On December 11, 2020, following a two-month investigation, speedrun.coms Minecraft verification team removed his submission from the leaderboards. The team published a report, along with a 14-minute video to YouTube, analyzing six archived livestreams of speedrunning sessions by Dream from around the time of the record. The team concluded that the game had been modified to make the chance of obtaining certain items needed to complete the game higher than normal; they argued the odds that "anyone in the Minecraft speedrunning community would ever get luck comparable to Dream's" was at most 1 in 7.5 trillion. In response, Dream called the investigation clickbait and claimed that it was flawed enough that some members of speedrun.coms moderation team threatened to quit over it. Speedrun.com moderator Geosquare denied the accusation, saying: "All moderators voted unanimously in our decision and no one is threatening to leave in protest", and "From everything we know[,] that [claim] is unsubstantiated or complete hyperbole."

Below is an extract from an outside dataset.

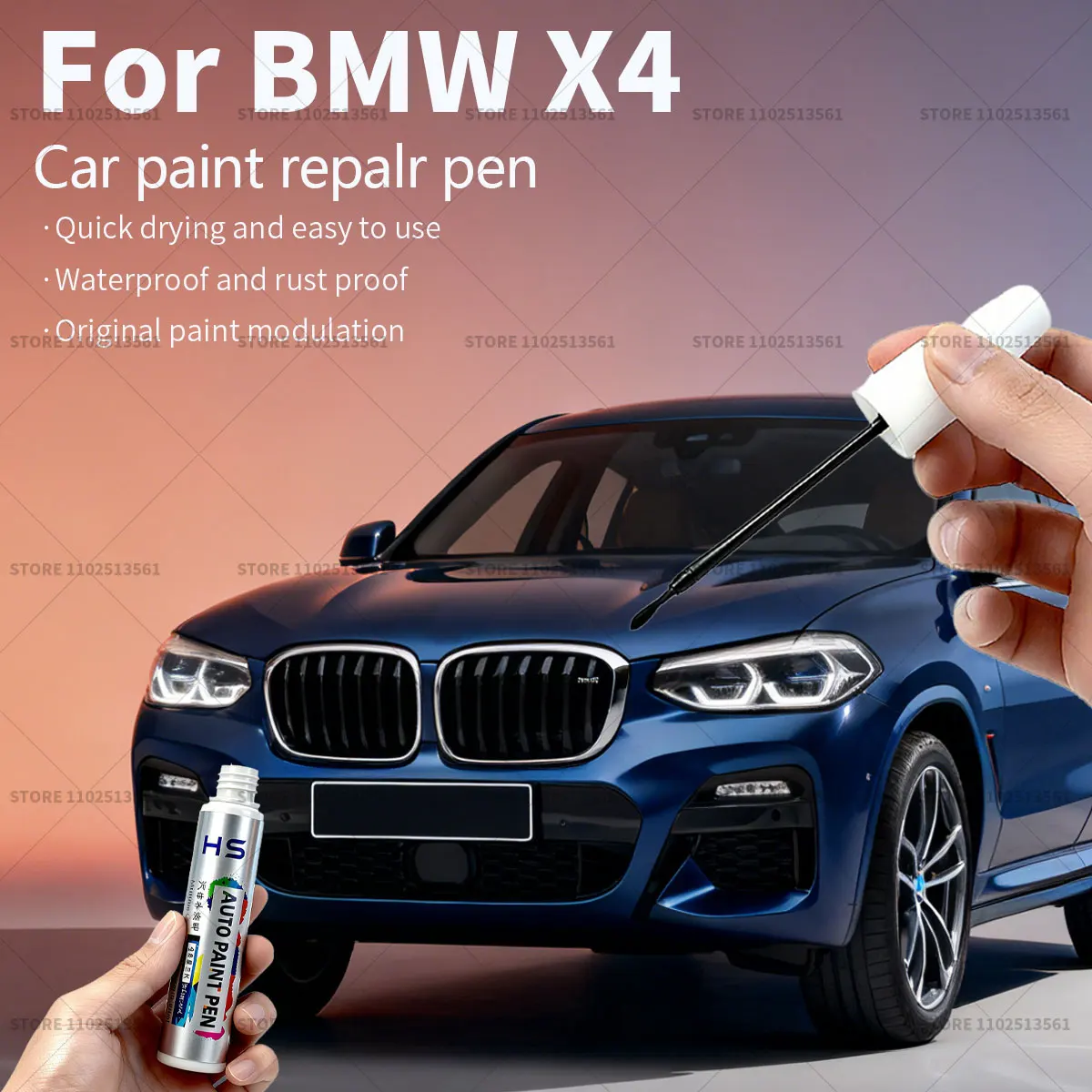 

Car Paint Repair Pen Touch Up Scratch Remover DIY Auto Accessories For BMW X4 Black 475 White 300 A96 Gold Blue Red A75 Red C06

In a YouTube video, Dream maintained that the accusations of his cheating were untrue. In response to the report by speedrun.com, Dream commissioned a report by an anonymous statistician, who Dream said was an astrophysicist. They argued that the odds of a Minecraft speedrunner seeing luck comparable to Dream's was 1 in 10 million, instead of the speedrun.com team's 1 in 7.5 trillion. (Note: The "1 in 7.5 trillion" figure was reported as the odds of encountering the exact outcomes if one were to replicate the run, whereas the "1 in 10 million" figure refers to the odds that any of the large number of active speedrunners might experience a situation of comparably low likelihood within a certain timeframe.) Dot Esports said that the report did not exonerate him, and "at most" it suggested it was not impossible that he was lucky. The moderation team stood by their ruling and issued a rebuttal to Dream's report. In a Twitter post, Dream indicated that he would accept their decision without admitting fault. On February 4, 2021, Matt Parker, a YouTube personality and recreational mathematician, published a 40-minute video on the controversy supporting the conclusions of the moderators, estimating the actual odds of being 1 in 20 sextillion (2 × 10^{22}).

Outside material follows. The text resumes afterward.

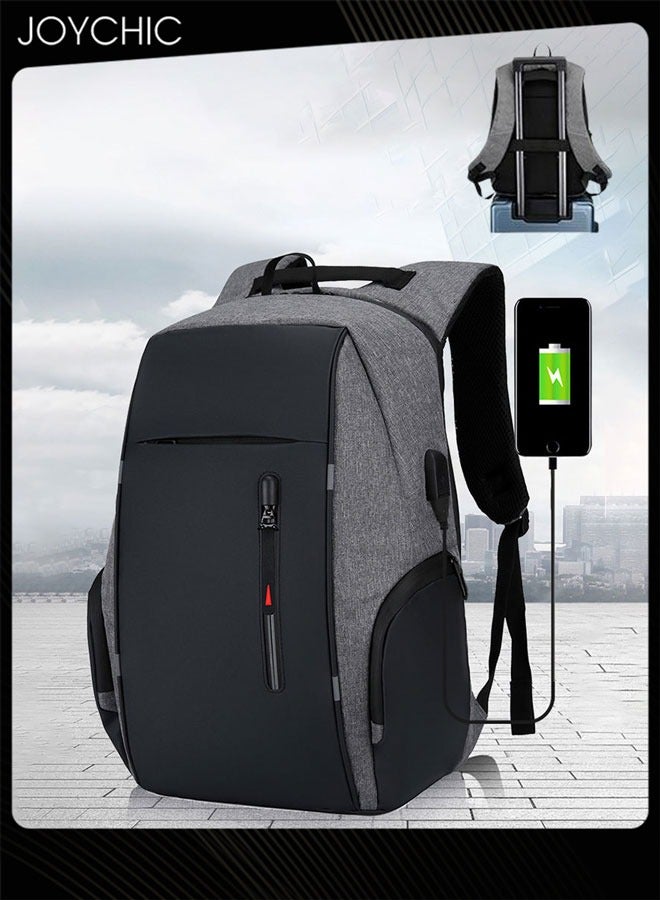 Travel Laptop Backpack Multifunction Business Anti-theft Zipper Daypack Large Capacity College School Computer Bag with USB Charging Port Fit 15.6 Inch for Men Office Work Outdoor Grey+Black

On May 30, 2021, in a written statement, Dream stated that he had in fact been using a "disallowed modification" that altered item drop probabilities, although he maintained that the addition of the modification was unintentional. According to him, this discrepancy was a result of a change to a client mod written for his YouTube channel. In his statement, he said that the item modifications were changed by the developer of the mod, and said that he was unaware of the addition until February 2021. After becoming aware of the addition, he deleted his video response to the speedrun.com moderators. Dream explained that he did not mention his discovery of the addition publicly back then because he "felt like the community had been through enough drama and that it was pointless." He also "didn't want to be the center of controversy for the hundredth time" and he figured "it would be a story I would tell in a few years when no one really cared."

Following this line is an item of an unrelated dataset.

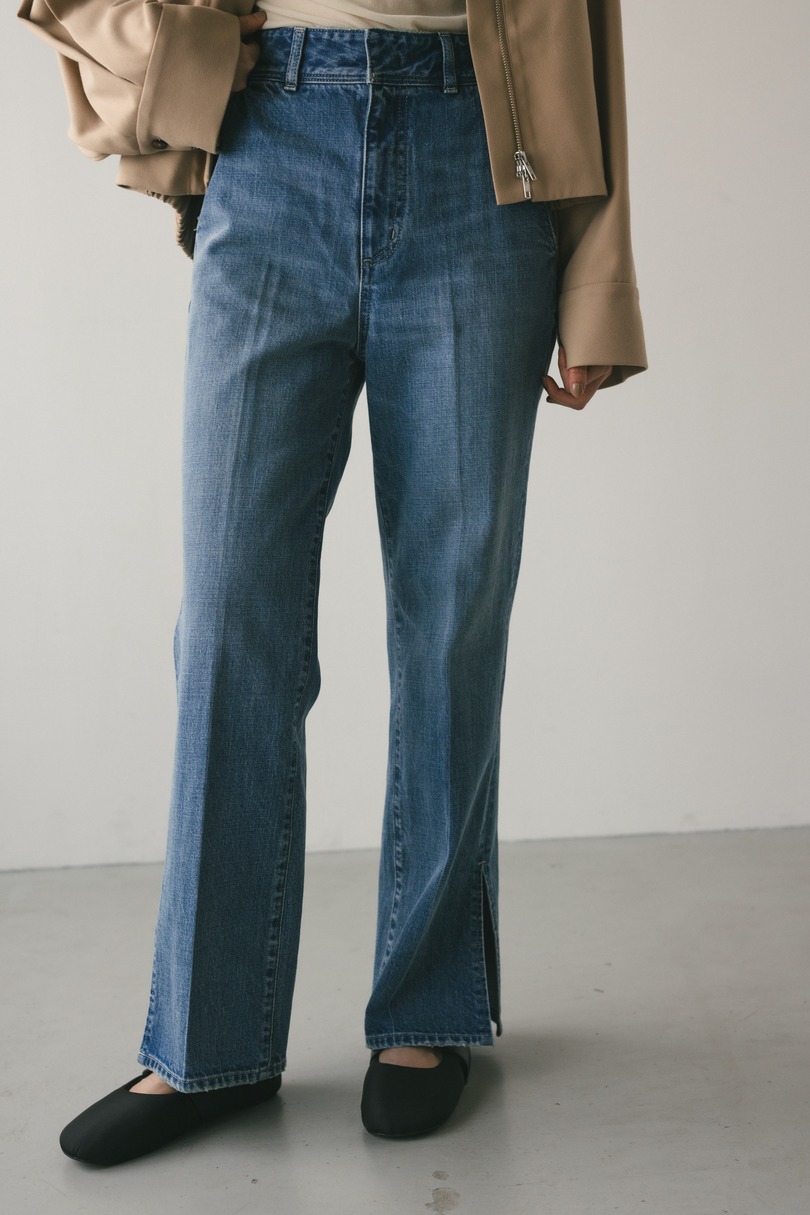 ヘムスリットストレートデニムパンツ 詳細画像 BLU 2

In a 2021 interview with YouTuber Anthony Padilla, Dream said that he regretted his initial reaction to the cheating scandal, saying that "I handled the situation horribly. When it originally came out, my response was, You guys are idiots, blah blah blah." When asked by Padilla how he thought he should have handled the scandal, Dream said that "I should have shut off all my devices for a couple days and been like, OK, let me not react with emotion."

==Personal life==
Dream's real-life identity and many aspects of his personal life are not public. He is an American named Clay, was born on August 12, 1999, and, as of 2022, resides in Orlando, Florida, with fellow internet personalities GeorgeNotFound and Sapnap. Dream has spoken publicly about his diagnosis with ADHD. His anonymous avatar was inspired by a picture his former girlfriend posted on Discord.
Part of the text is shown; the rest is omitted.